(Exercise):
When you reach the line with "Se inician la construcción del edificio.", start repeating the lines exactly and keep going to the end of the records, but drop every picture.

(Provided data):
※ ※ ※

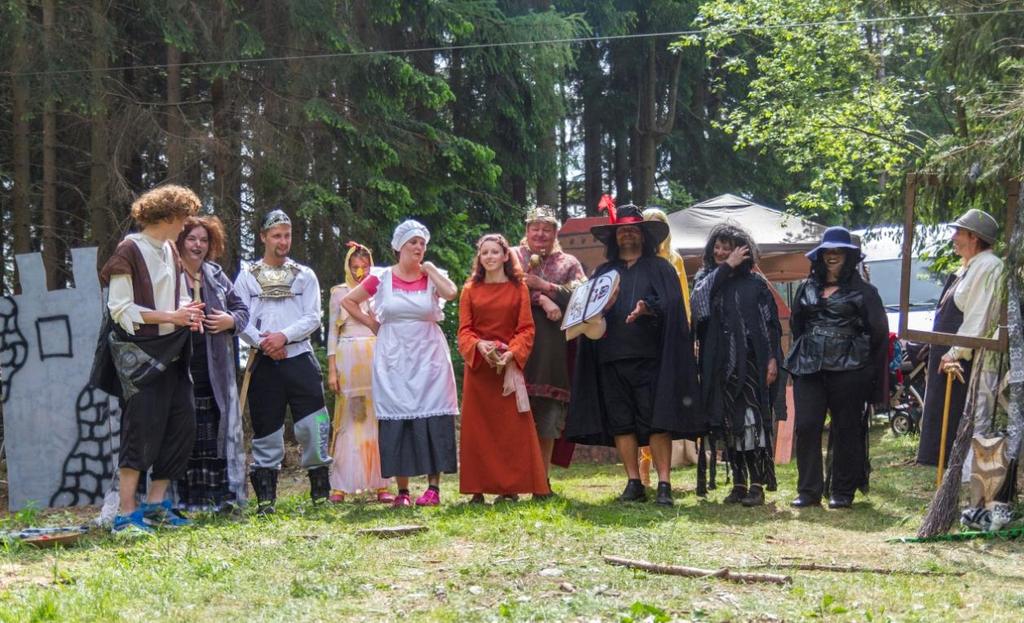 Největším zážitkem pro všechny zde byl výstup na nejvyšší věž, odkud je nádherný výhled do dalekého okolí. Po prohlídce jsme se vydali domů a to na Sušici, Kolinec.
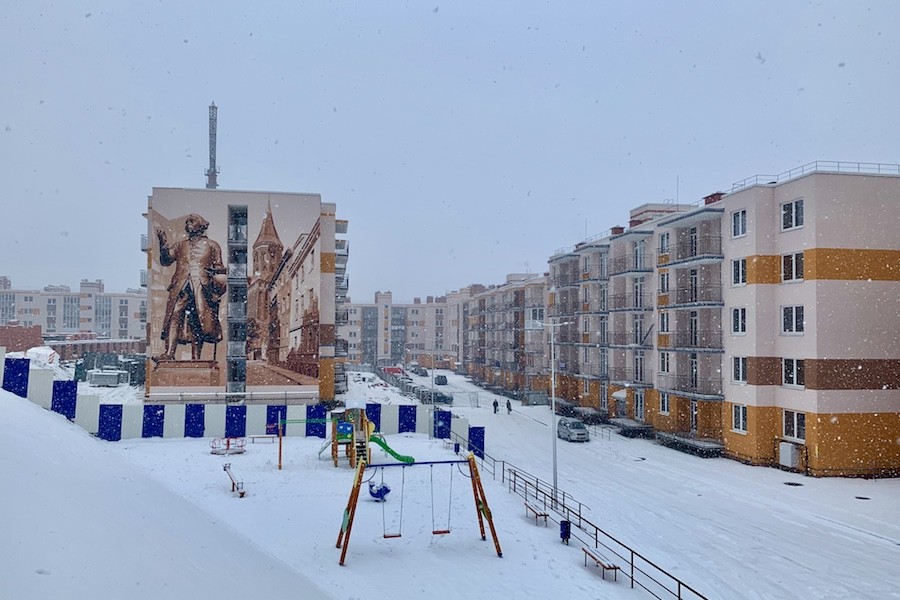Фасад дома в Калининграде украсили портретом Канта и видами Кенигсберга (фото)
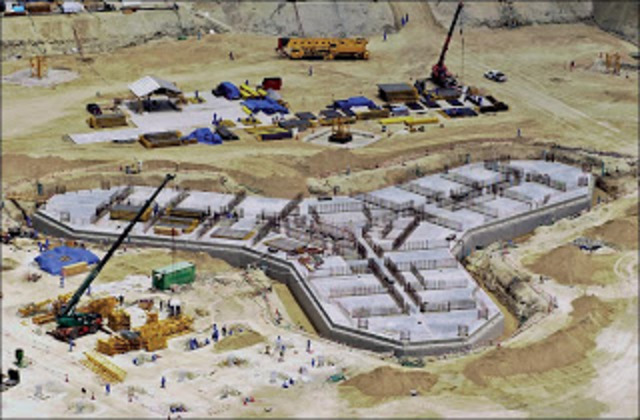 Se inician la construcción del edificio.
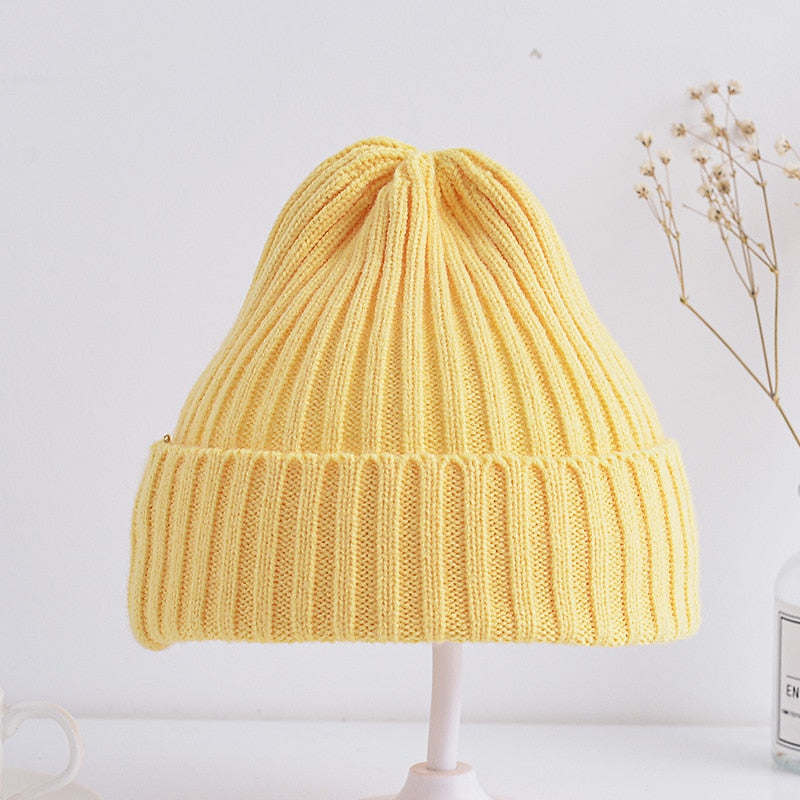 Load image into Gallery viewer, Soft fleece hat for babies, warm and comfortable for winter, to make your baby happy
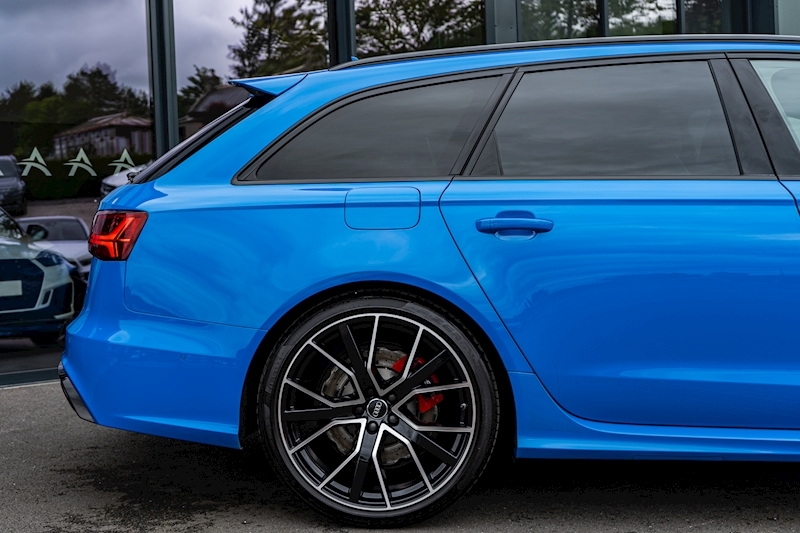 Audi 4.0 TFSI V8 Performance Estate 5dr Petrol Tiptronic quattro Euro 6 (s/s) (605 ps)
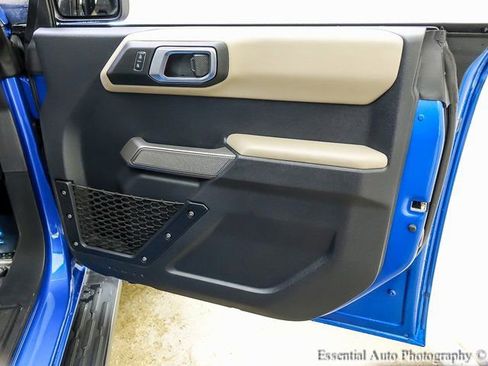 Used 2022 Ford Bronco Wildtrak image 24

※ ※ ※

(Written response):
 Se inician la construcción del edificio.
 Load image into Gallery viewer, Soft fleece hat for babies, warm and comfortable for winter, to make your baby happy
 Audi 4.0 TFSI V8 Performance Estate 5dr Petrol Tiptronic quattro Euro 6 (s/s) (605 ps)
 Used 2022 Ford Bronco Wildtrak image 24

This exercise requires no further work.